Senate Environment Committee Releases Climate Change Master Plan Bill 

The New Jersey Statehouse and Capitol Building In Trenton

Senate Environment Committee Releases Climate Change Master Plan Bill

Today the Senate Energy and Environment released S2607 (Smith) with amendments. The bill requires land use plan element of municipal master plan to include climate change-related hazard vulnerability assessment.

“We support this legislation. The bill is a good step to get towns to plan for climate impacts or reducing their risk. By including climate change and hazard vulnerability into the master plan, it will encourage towns to do better planning and municipal zoning. Towns will be able to develop ordinances with resiliency and dealing with hazardous planning. They can change the zoning and prevent development in flood prone areas or areas with high sea level rise,” said Jeff Tittel, Director of the New Jersey Sierra Club.

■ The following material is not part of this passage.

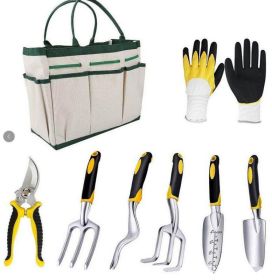 Garden Tools 8-piece Set Aluminum Alloy Two-color Plastic Handle Shovel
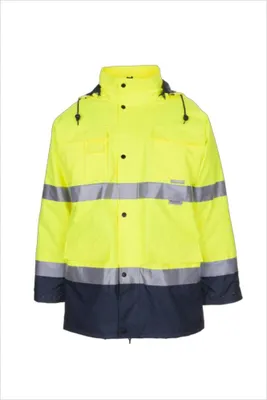 Produktbild von Warnschutzparka Gr.M gelb/marine PLANAM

New Jersey is already experiencing the devastating impacts of climate change driven by emissions from fossil fuels. The state reported $36.8 billion in repair, mitigation, and prevention costs from Hurricane Sandy alone, which was made worse by rising seas caused by warmer temperatures and melting land ice. A report by the Union of Concerned Citizens found that in New Jersey alone, over 62,000 homes worth over $26 billion are at risk by 2045. By the end of this century, this number grows to 251,000 homes worth $107 Billion at risk of tidal flooding. New Jersey also leads the nation in the number of commercial properties at risk of chronic inundation in 2045.

“The Murphy Administration need to move forward when it comes to climate change and flooding. We need to reopen the Office of Climate Change and other coastal programs. We must update our adaptation for sea level mitigation programs, our shore protection plan, fix CAFRA loopholes and have a Coastal Commission. The DEP must also update new FEMA flood maps for sea level rise, update building codes, and start to implement adaptation and hazard planning as part of their resiliency model. We also need better mapping on sea-level rise to make sure we’re building and rebuilding in the right places,” said Jeff Tittel, Director of the New Jersey Sierra Club. “DEP also need to reverse many rule rollbacks under Governor Christie. This includes the Flood Hazard Rules that were rewritten, removing important protections for headwaters, increasing permit by rules, and letting a permit by certification process increase development in flood-prone areas,” said Jeff Tittel, Director of the New Jersey Sierra Club.